• [Entries shown]
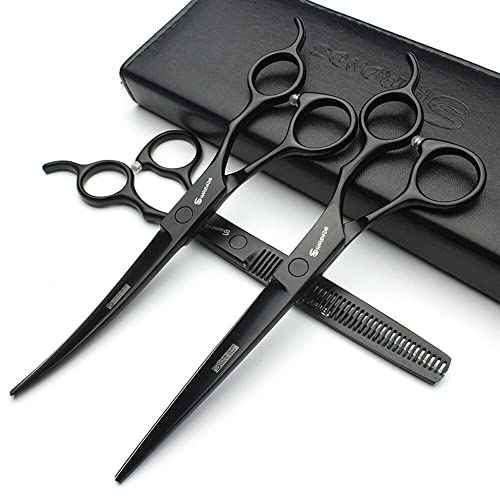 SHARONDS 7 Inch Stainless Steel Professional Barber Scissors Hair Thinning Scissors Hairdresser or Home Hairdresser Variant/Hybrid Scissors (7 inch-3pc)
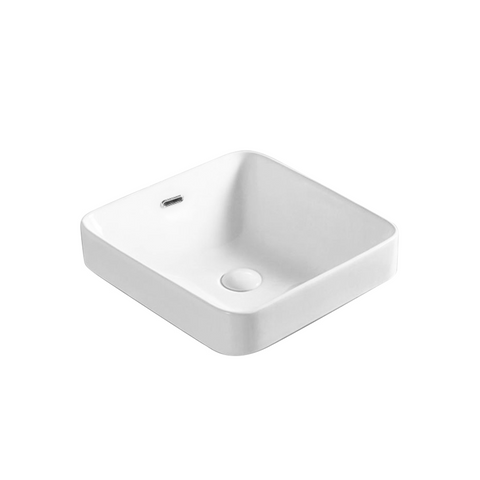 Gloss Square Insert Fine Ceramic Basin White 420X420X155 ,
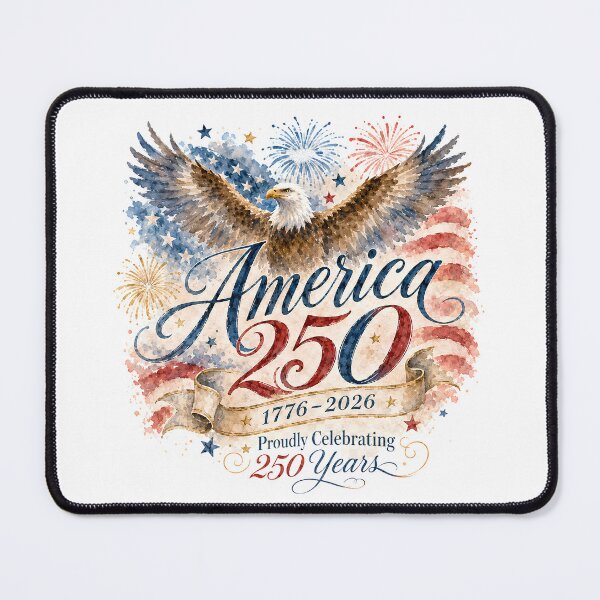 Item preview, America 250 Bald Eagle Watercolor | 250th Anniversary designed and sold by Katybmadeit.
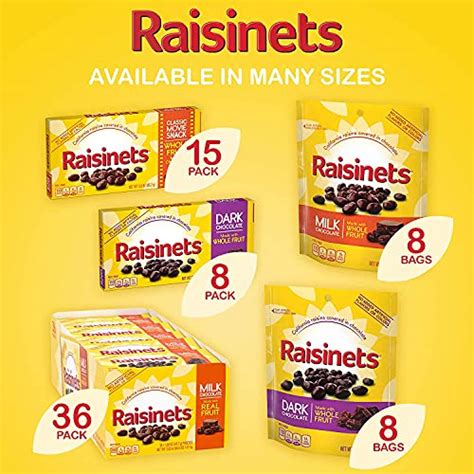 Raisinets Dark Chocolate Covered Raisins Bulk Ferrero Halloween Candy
...
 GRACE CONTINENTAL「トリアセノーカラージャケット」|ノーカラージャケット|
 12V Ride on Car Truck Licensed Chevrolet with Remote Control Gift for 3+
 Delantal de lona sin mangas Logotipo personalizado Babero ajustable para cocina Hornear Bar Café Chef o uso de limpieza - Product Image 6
---
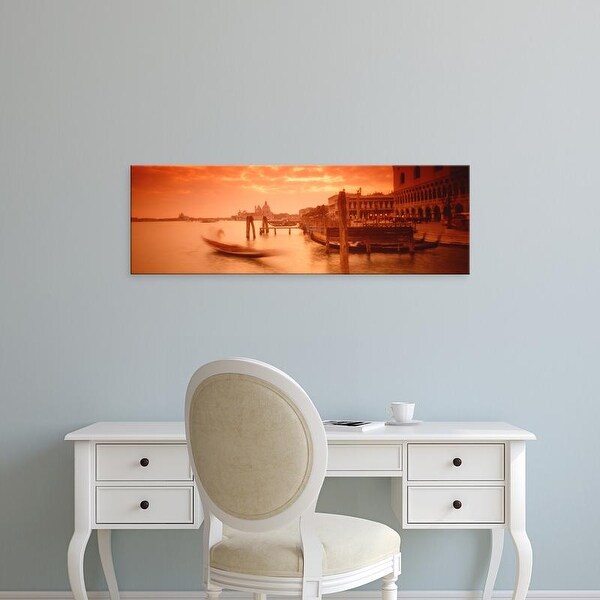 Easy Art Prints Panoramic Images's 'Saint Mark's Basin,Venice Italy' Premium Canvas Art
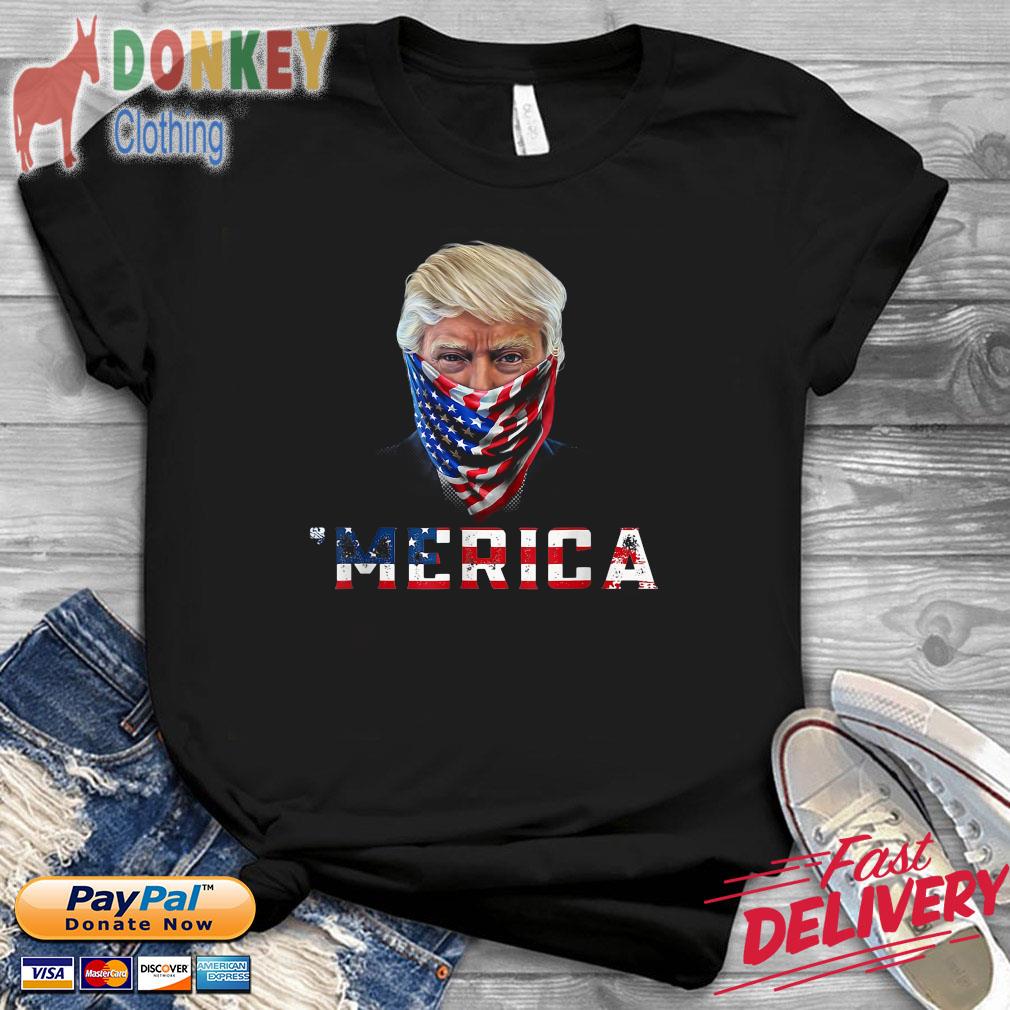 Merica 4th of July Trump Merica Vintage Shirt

• [Work order]
Your reply should consist solely of the lines above from the line containing "SHARONDS 7 Inch" up to and including the line containing "Raisinets Dark Chocolate", reproduced exactly, minus the pictures.

• [Result below]
 SHARONDS 7 Inch Stainless Steel Professional Barber Scissors Hair Thinning Scissors Hairdresser or Home Hairdresser Variant/Hybrid Scissors (7 inch-3pc)
 Gloss Square Insert Fine Ceramic Basin White 420X420X155 ,
 Item preview, America 250 Bald Eagle Watercolor | 250th Anniversary designed and sold by Katybmadeit.
 Raisinets Dark Chocolate Covered Raisins Bulk Ferrero Halloween Candy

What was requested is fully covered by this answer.